The warm temperate African savannah support growth of vast grasslands and quick grass growth is typical during the high-level rainfall seasons during the summers. Due to long rains, the vegetation does not support the formation of canopies, and trees are mostly deciduous, and arid type spaced out, leaving vast fields of grass and shrub. Despite the limited rainfall, the savannah can still support complex food webs and a wide range of adapting plants and animals (Shorrocks & Bates, 2015). Food chains can help to depict the feeding relationships along with the various trophic levels of feeding. Grasses and wild plants are the primary producers of food with rodents and grazing animals next in any food chain relationship.

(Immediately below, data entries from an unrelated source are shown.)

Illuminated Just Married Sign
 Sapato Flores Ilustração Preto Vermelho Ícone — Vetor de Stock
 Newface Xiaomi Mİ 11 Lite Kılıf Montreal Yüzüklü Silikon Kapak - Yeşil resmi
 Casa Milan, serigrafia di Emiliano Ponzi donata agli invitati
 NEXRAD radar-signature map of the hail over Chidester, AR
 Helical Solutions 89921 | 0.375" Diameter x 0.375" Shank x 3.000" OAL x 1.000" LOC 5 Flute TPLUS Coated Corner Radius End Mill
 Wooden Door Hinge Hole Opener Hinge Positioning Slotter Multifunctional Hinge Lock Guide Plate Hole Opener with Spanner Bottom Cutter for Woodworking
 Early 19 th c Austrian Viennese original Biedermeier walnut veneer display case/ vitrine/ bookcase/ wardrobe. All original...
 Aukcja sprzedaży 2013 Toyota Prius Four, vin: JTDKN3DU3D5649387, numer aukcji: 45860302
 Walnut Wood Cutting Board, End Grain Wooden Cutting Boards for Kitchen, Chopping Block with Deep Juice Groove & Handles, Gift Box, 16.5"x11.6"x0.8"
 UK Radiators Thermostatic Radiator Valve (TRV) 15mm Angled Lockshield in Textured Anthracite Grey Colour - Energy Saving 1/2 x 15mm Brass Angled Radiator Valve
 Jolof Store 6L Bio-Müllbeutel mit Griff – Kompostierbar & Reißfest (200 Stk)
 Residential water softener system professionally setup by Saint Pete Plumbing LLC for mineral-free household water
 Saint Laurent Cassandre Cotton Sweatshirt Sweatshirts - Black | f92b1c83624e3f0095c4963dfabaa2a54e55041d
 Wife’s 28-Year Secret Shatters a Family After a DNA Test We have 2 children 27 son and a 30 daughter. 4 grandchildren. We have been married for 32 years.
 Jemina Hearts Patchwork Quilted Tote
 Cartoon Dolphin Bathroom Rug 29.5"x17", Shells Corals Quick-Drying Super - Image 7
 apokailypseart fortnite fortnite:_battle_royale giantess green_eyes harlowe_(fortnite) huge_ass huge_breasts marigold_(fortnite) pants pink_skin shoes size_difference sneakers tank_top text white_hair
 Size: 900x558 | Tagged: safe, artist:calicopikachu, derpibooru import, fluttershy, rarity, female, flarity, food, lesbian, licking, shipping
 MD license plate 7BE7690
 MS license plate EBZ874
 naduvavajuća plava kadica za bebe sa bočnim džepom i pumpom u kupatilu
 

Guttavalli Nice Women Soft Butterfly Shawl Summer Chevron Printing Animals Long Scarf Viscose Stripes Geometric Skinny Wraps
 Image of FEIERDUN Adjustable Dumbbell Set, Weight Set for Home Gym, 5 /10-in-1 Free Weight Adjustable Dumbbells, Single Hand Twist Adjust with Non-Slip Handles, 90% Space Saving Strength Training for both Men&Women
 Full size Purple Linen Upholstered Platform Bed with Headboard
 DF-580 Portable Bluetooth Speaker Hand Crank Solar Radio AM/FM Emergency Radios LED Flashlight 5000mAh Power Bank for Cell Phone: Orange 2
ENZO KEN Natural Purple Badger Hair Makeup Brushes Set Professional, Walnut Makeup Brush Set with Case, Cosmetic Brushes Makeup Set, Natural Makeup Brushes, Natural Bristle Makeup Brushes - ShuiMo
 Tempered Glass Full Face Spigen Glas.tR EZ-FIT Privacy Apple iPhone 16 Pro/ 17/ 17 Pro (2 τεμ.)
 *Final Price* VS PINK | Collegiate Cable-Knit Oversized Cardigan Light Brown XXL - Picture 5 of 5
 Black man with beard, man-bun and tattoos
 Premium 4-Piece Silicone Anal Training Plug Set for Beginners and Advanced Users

While a food chain only showcases a single feeding chain involving single species in every trophic level, food webs can link several food chains and give a glimpse of feeding relationships in the habitat. Grasses are the leading food producers like plants, and the herbivores include zebras, giraffe, impalas, cattle, or other plant feeders. Scavengers such as hyenas and vultures follow closely after carnivores such as lions, cheetahs, and leopard to feed on dead decaying meat. Decomposers, which include microorganisms such as bacteria and fungi, help to decompose the dead material into minerals and soil matter.
Shorrocks, B., & Bates, W. (2015). The biology of African savannahs. Oxford University Press, USA.
Unwin, M. (2003). Southern African wildlife: a visitor’s guide. Bradt Travel Guides.